Migration, much of it illegal, from northern Africa to southern Europe is at a record high. Water routes across the Mediterranean are prevalent and thousands of deaths attributed to capsized boats have dotted the news. The situation has been escalating for several years, beginning with the failed “Arab Spring” and culminating in the present civil wars in Syria and Libya and the march of ISIS throughout the Middle East. Stark numbers of both illegal immigrants and deaths during attempted crossings are contained in this informative BBC report, and related stories on their website. Immigration processing centers in Greece, Malta and Italy are overwhelmed; these migrant destinations are naturally dictated by their proximity to various jumping off points from north Africa. As related in the BBC report, north African migration into Europe has soared four-fold in 2014 vs 2013, to well over 200,000 immigrants, driven largely by Syrians seeking asylum as they flee the turmoil.
As might be expected, much of the migration is illegal, and includes exploitation by what is alternately called smugglers and traffickers. Like other examples of human trafficking, the migrants are made to pay relatively hefty sums and then forced to endure deadly transits in unsafely loaded boats or rafts. Sometimes they are turned back, sometimes they make it to their destination in southern Europe, and sometimes the inadequate vessels capsize and they drown.
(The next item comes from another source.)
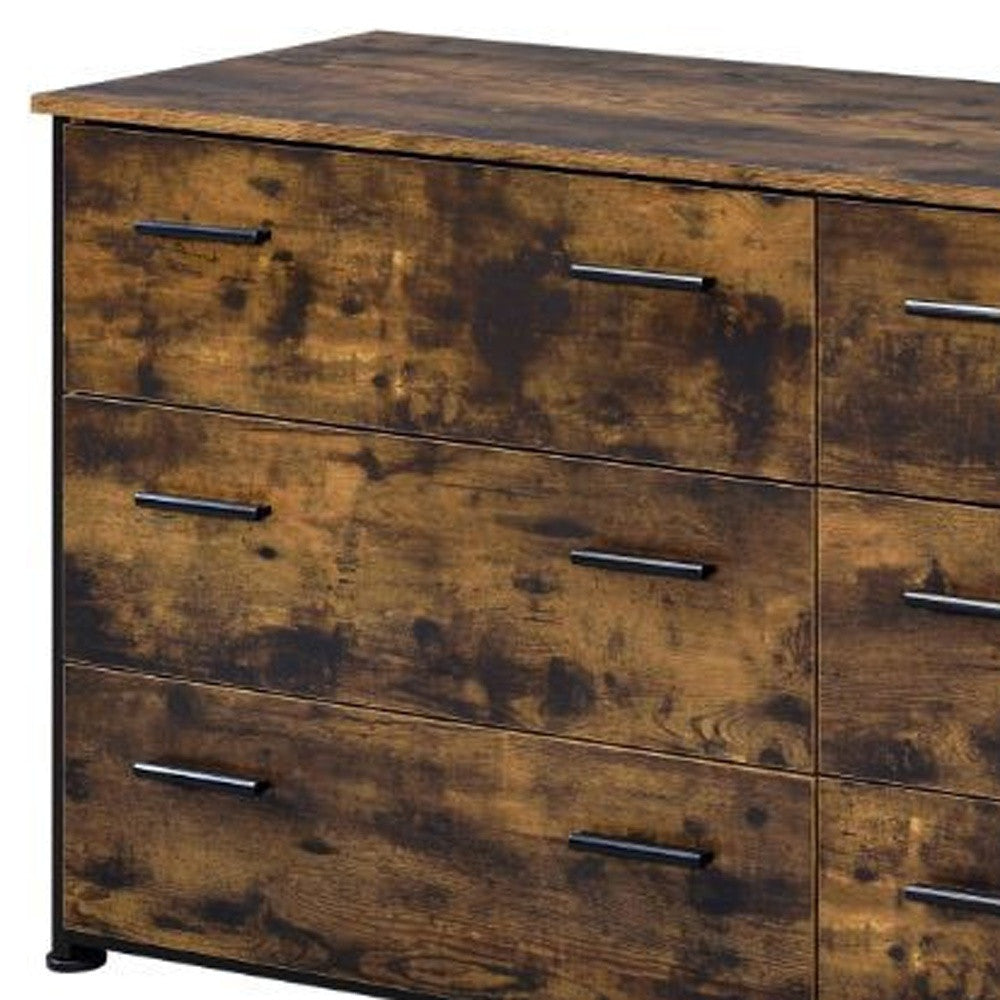 Brown and Black Six Drawer Double Dresser By Homeroots | Dressers | Modishstore - 4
The map below is from the 2014 Annual Risk Analysis report of Frontex, the EU’s border management organization, showing the rise in illegal immigration (at least what was detected) in last couple of years.
Pope Francis has regularly challenged and appealed to all nations to end dangerous migration and welcome immigrants. As late as Sunday, he appealed to the broader EU community to help fund the efforts of put-upon Italy to rescue immigrants at sea. Indeed, Italy had an effective but expensive program known as Mare Nostrum, which saved over 100,000 imperiled lives in the Mediterranean, but which was closed down near the end of 2014 and replaced by a more modest Frontex program.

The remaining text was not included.